Dans J'habitais Roanne, il y a un passage où je dis, des mains de mon père : « De la corne s'y amassait dans le frottement des manches d'outil ; elles restaient fragiles pourtant. Au contact de la terre mouillée, dans le refouillement constant des sols et l'essartage des broussailles, dans la lutte incessante de ces temps où la nature était considérée comme devant être soumise au génie humain, ses paumes se fendaient, la peau des articulations éclatait, le jus noir de l'humus y entrait, l'acide des fumures y faisait des ravages. Les lourdes mains prenaient l'aspect de la pierre en hiver, du bois creusé par le temps. »
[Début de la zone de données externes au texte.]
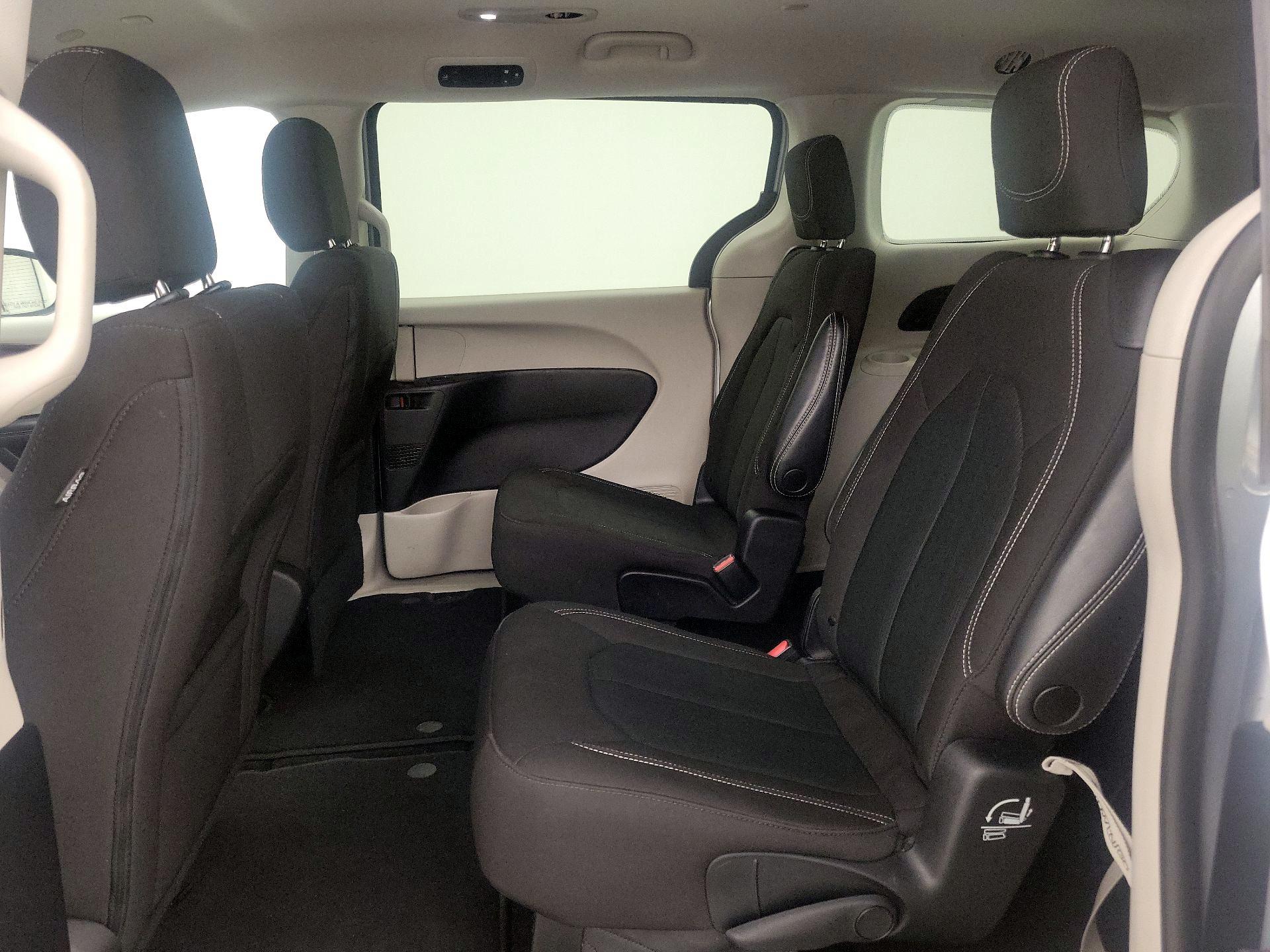 Thumbnail: 2023 Chrysler Voyager - 19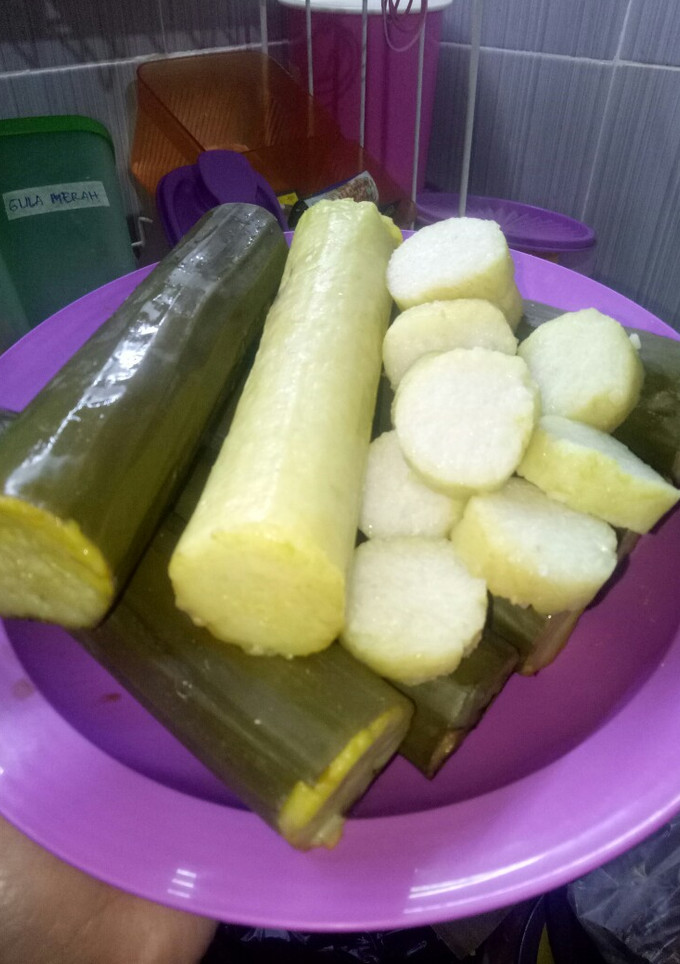 Foto resep Lontong praktis presto pakai cetakan stainles.Hasilnya memuaskan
Hier soir, Béa, une amie, photographe amateur, est passée nous voir. Elle m'a offert une photo en noir et blanc. Un très gros plan des mains de son père, disparu. Des mains également scarifiées par le jardinage obstiné. Des mains rugueuses aux ongles éclatés par l'hostilité des sols. Ces mains que mon récit lui a rappelées. C'est un des cadeaux les plus touchants qu'on m'ait faits, et le retour le plus émouvant que j'ai eu de mon livre.
Commentaires
Je connais cette photo ainsi que la délicatesse de l'auteur, son intégrité. C'est une femme rare, précieuse, un trésor tout simplement, même si elle a souvent du mal à l'entendre. Je ne suis donc pas étonné par l'émotion qu'a provoquée ce présent.
Je la reconnais bien là ! C'est la Béa... attitude.